§ DATASET CONTENT:
● ● ●

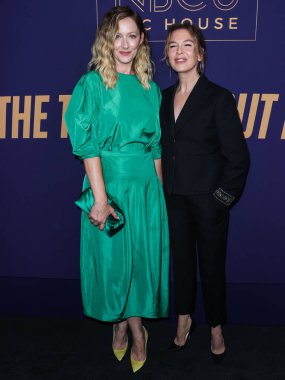 Amerikalı aktrisler Judy Greer ve Rene Zellweger (Renee Zellweger), 18 Mayıs 2022 'de Hollywood, Los Angeles, Kaliforniya, ABD' deki NBCUniversal 'in 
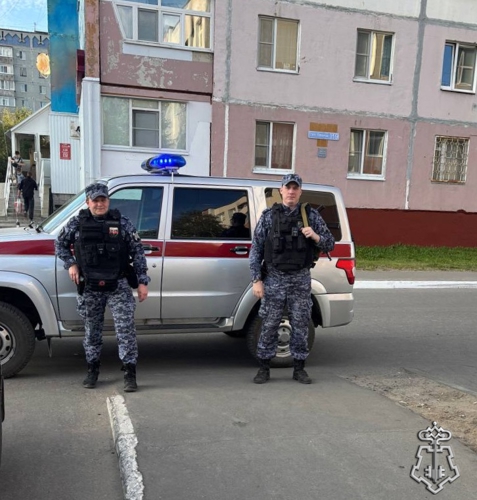 В Усинске росгвардейцы помогли эвакуировать граждан во время пожара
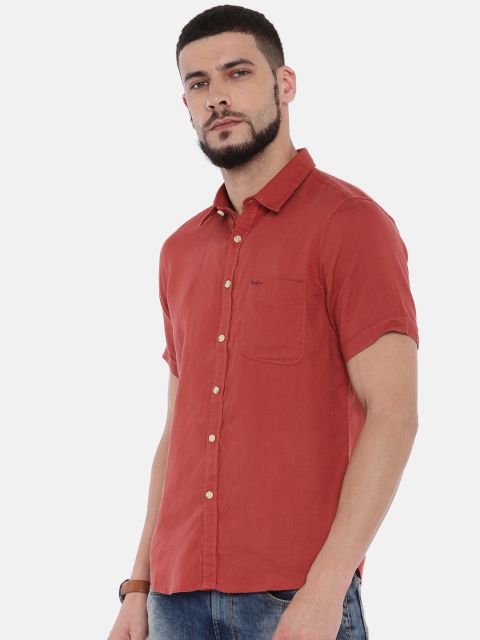 

Pepe Jeans Men Red Regular Fit Solid Linen Casual Shirt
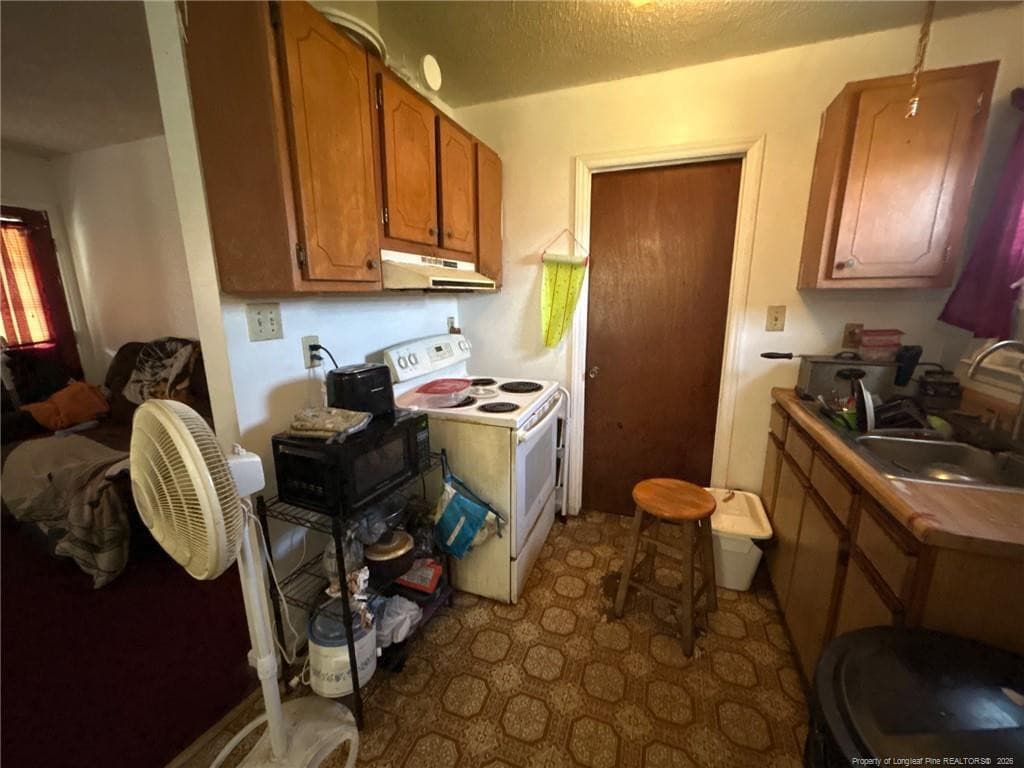Photo 8 - 178 Sunshine Lane, Clinton, NC 28328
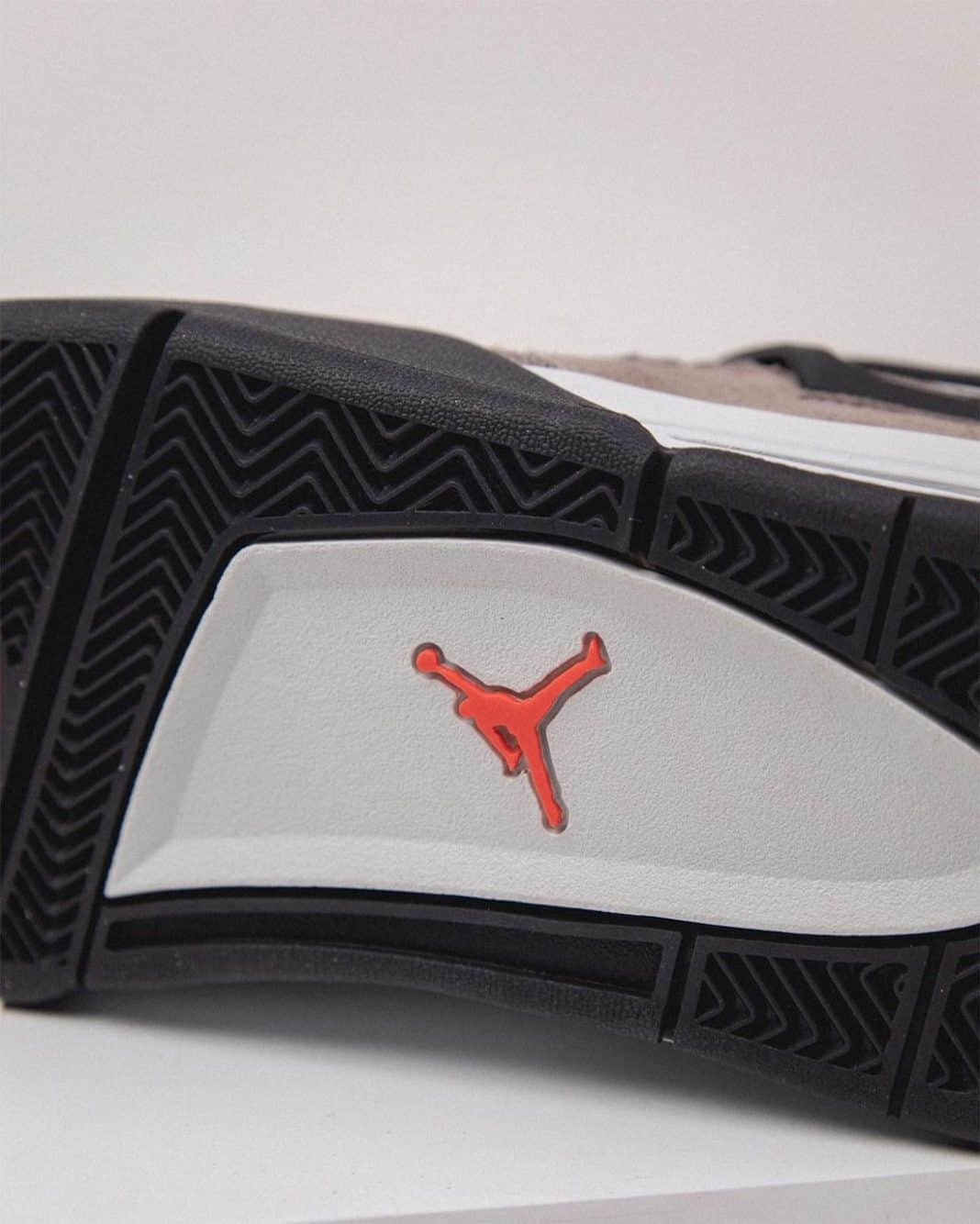 TS x AJ4亲友限定既视感!AJ4 “Taupe Haze”上脚效果不俗!货号:DB0732-200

● ● ●

§ WORK ITEM:
Output, exactly and with no pictures, every line from the one that contains "В Усинске росгвардейцы" through the final line of the entries.

§ REPLY:
 В Усинске росгвардейцы помогли эвакуировать граждан во время пожара

Pepe Jeans Men Red Regular Fit Solid Linen Casual Shirt
Photo 8 - 178 Sunshine Lane, Clinton, NC 28328
 TS x AJ4亲友限定既视感!AJ4 “Taupe Haze”上脚效果不俗!货号:DB0732-200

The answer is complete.